Teachers` Outing

She was hopeless at reading maps. Utterly hopeless. Maybe that was one of the reasons why her husband divorced her. He just couldn’t stand her looking at a map upside down figuring out where they were. He started to yell, she started to cry. Same procedure every year.
But she was not completely stupid. As a matter of fact she was pretty good at organizing things. For example, the yearly outing of her colleagues at school. The other teachers liked her ideas. And when she proposed at the end of the summer term to hire a fishing boat to take them to the seals banks in the North Sea, they enthusiastically accepted.

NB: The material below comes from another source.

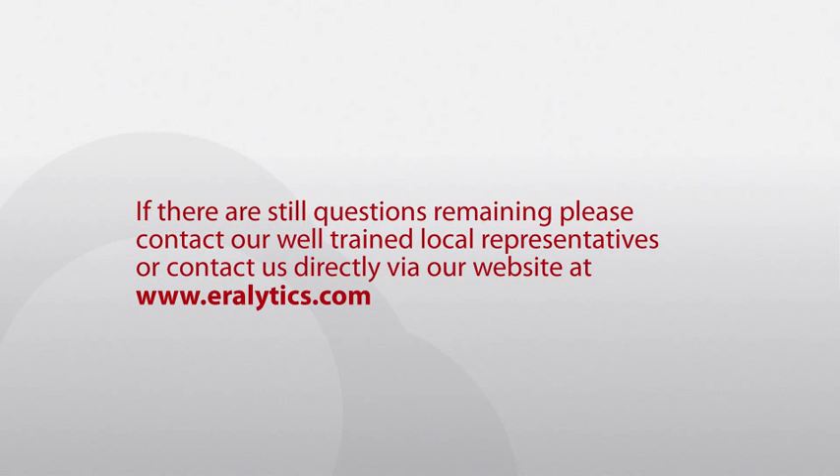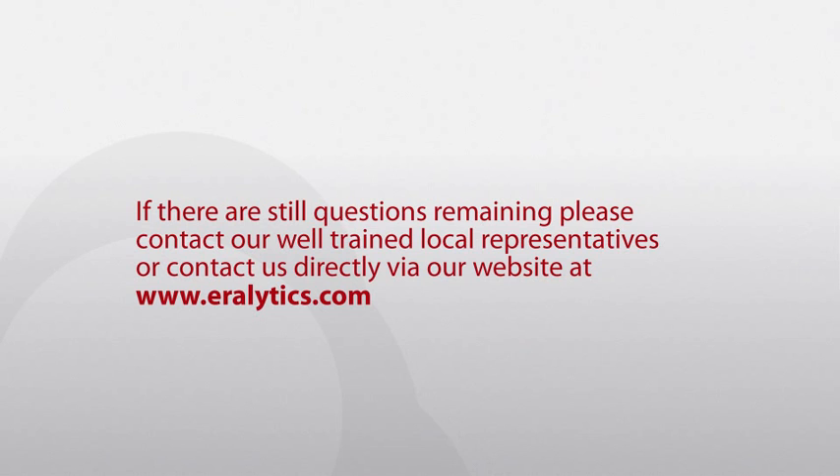If there are still questions remaining, please contact our well-trained local representatives or contact us directly via our website at aerolitics.com.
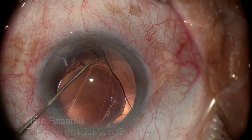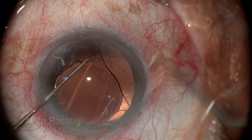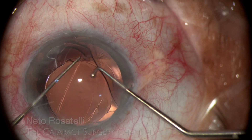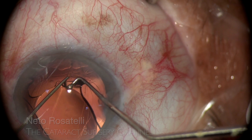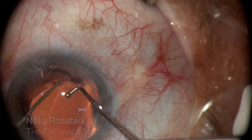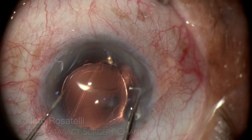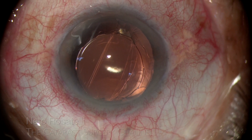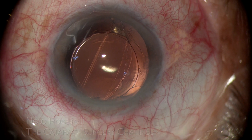I rotate the IOL to position the remaining posterior prolapsed haptic in one of the aperture ends at 12 o'clock, and proceed to prolapse and capture the opposing haptic. While holding the IOL with the lester hook, I use a short chopper to nudge the intended haptic downward into capture and succeed.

The school being only an
hour’s drive away from Fedderwardersiel, a small fishing village where the boat would set off at 10 o‘ clock in the morning.

As the trip would take six to seven hours and no food would be served on board she ordered a catering firm to prepare platters with meatballs, sausages, fish and various salads to feed eighty hungry people.
As the big camping car had remained in her possession after the divorce – her husband kept the Mercedes – she even agreed to pick up the food herself and take it to the boat.
It was not the time of the navigator yet, but an hour’s drive should be no problem, not even for her. A colleague had shown her the route on the map the day before – she had nodded. She put the map on the empty passenger seat beside her, made sure that the village of Fedderwarden was situated west of Wilhelmshaven, and with the car smelling nicely of fish and meat she started off.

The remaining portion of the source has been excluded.